People v. Cheche

OPINION OF THE COURT

W. Patrick Falvey, J.

Movants, Jackie Majerus, a reporter for The Citizen newspaper in Auburn, New York, and Charles Miller a reporter for *16the Syracuse Herald-Journal, The Syracuse Herald American and The Post-Standard, all newspapers in Syracuse, New York, seek orders quashing "subpoenas and testificandum” served on May 8, 1991 and May 9, 1991 respectively requiring each of them to testify on behalf of the People in the above-entitled criminal matter.

The movants each assert that as professional journalists, they have a qualified privileged from testifying under New York Civil Rights Law § 79-h as well as the First Amendment of the Federal Constitution and article I, § 8 of the New York State Constitution.

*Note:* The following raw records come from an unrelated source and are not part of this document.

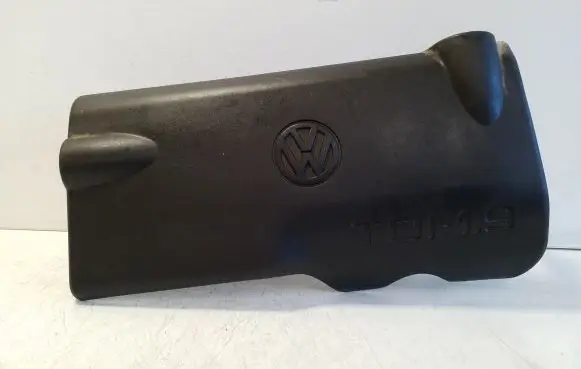 Volkswagen PASSAT B4 Engine cover (trim) 028103935A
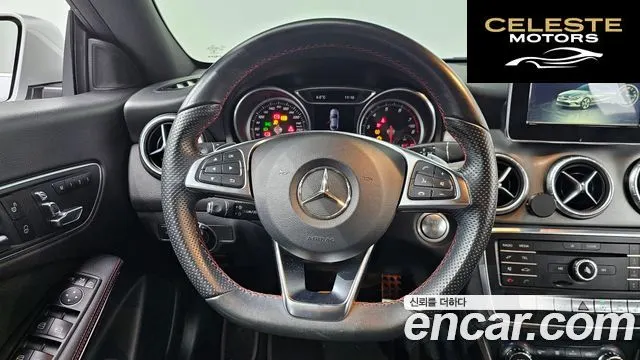 MERCEDES AMG CLA-Classe C117 CLA220 AMG Line 2018 — photo 13 sur 20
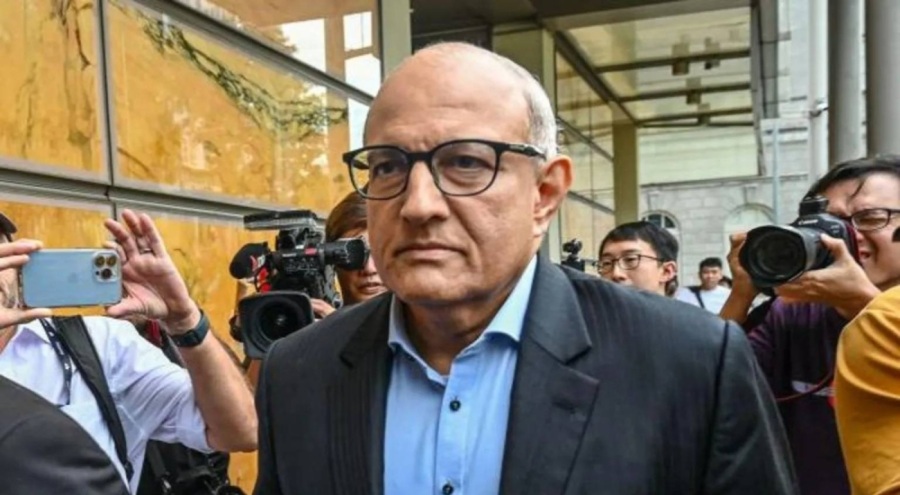 Singapur'da yolsuzlukla suçlanan bakan hapis cezasına çarptırıldı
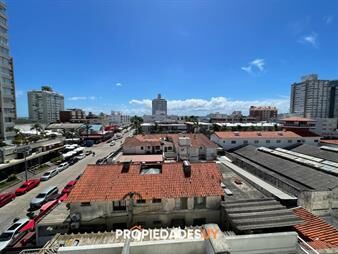 https://web5.gallito.com.uy/apartamento-1-y-con-vista-a-mansa-inmuebles-26620850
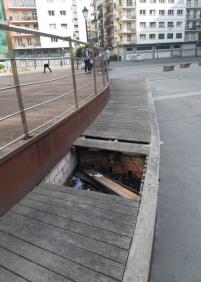 Agujero peligroso en parque infantil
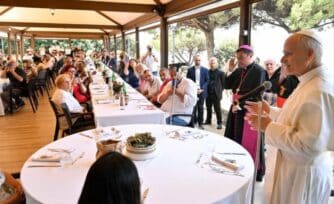 9 prejuicios sobre los pobres que el Papa corrige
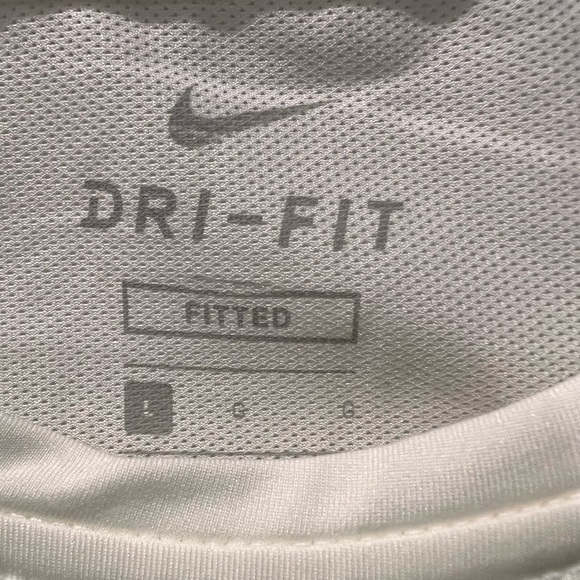 Nike Pro Men’s DriFit fitted athletic jersey. Size L - Picture 9 of 9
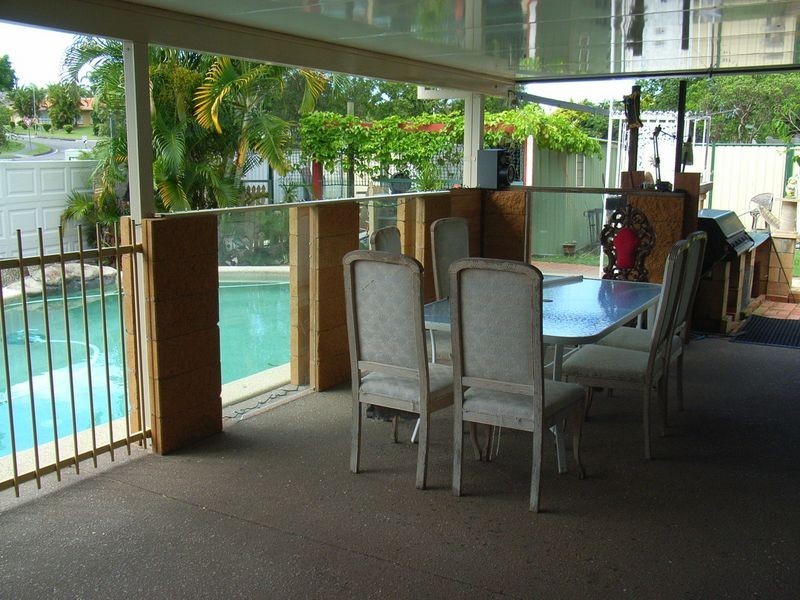 4 Gosford Court, Helensvale QLD 4212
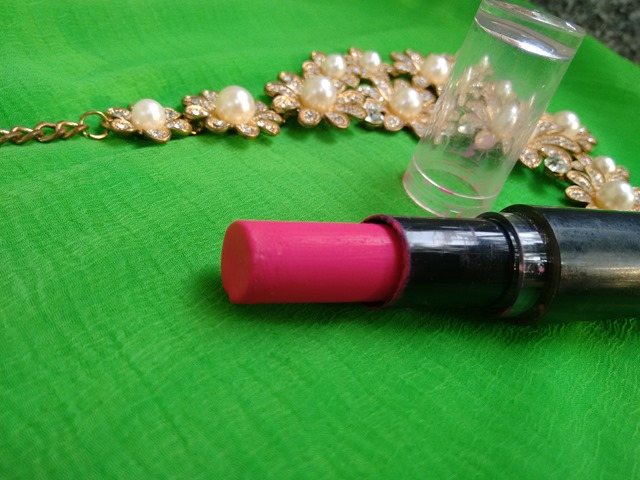 Best budget pink lipstick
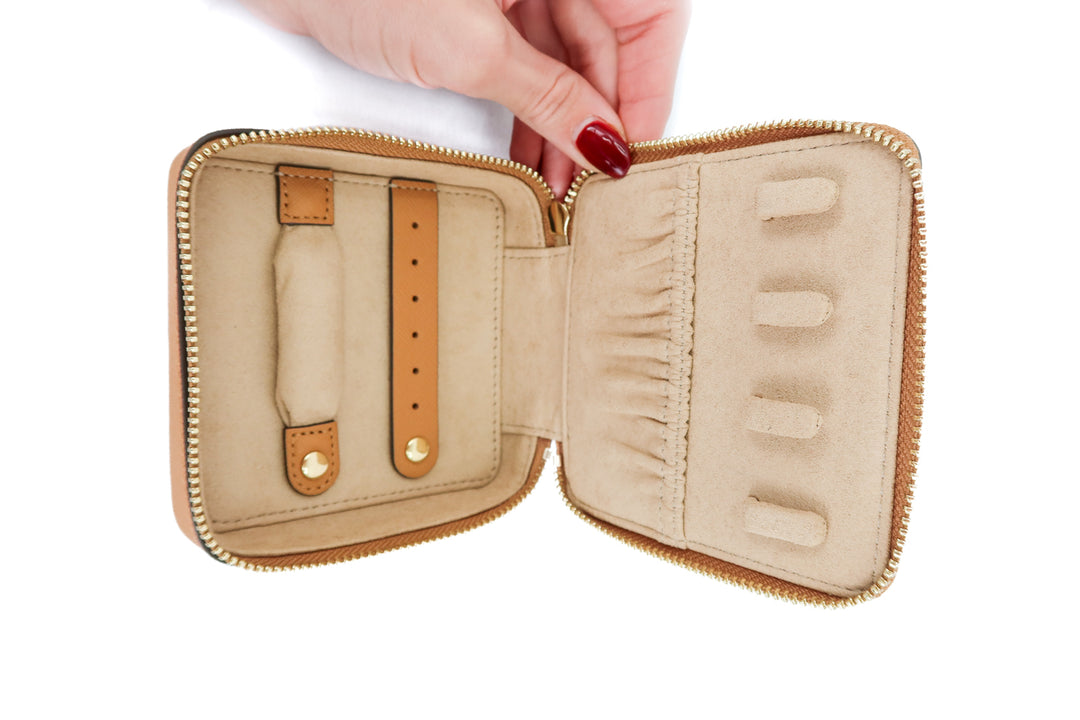 tory burch brown jewelry box (retail $148)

The subpoenas were issued by the District Attorney’s office as a result of various published interviews conducted with the defendant concerning his involvement with the charges pending against him. More specifically, the articles in question as provided by counsel were published in The Citizen on May 11, 1990; May 13, 1990; May 20, 1990; July 6, 1990; December 9, 1990; February 14, 1991 and an article undated but believed to be in 1991 and entitled "Family: Cheches Team Up in bail business”, in the Syracuse Post-Standard on May 12, 1990, and May 14, 1990, as well as The Syracuse Herald American on May 11, 1990 and May 13, 1990. It is noted that Civil Rights Law § 79-h was amended effective November 1, 1990. (L 1990, ch 33.) Therefore, Civil Rights Law § 79-h (bMg) is applicable to those articles published after November 1, 1990 and as to those published prior the court will rely on relevant case law.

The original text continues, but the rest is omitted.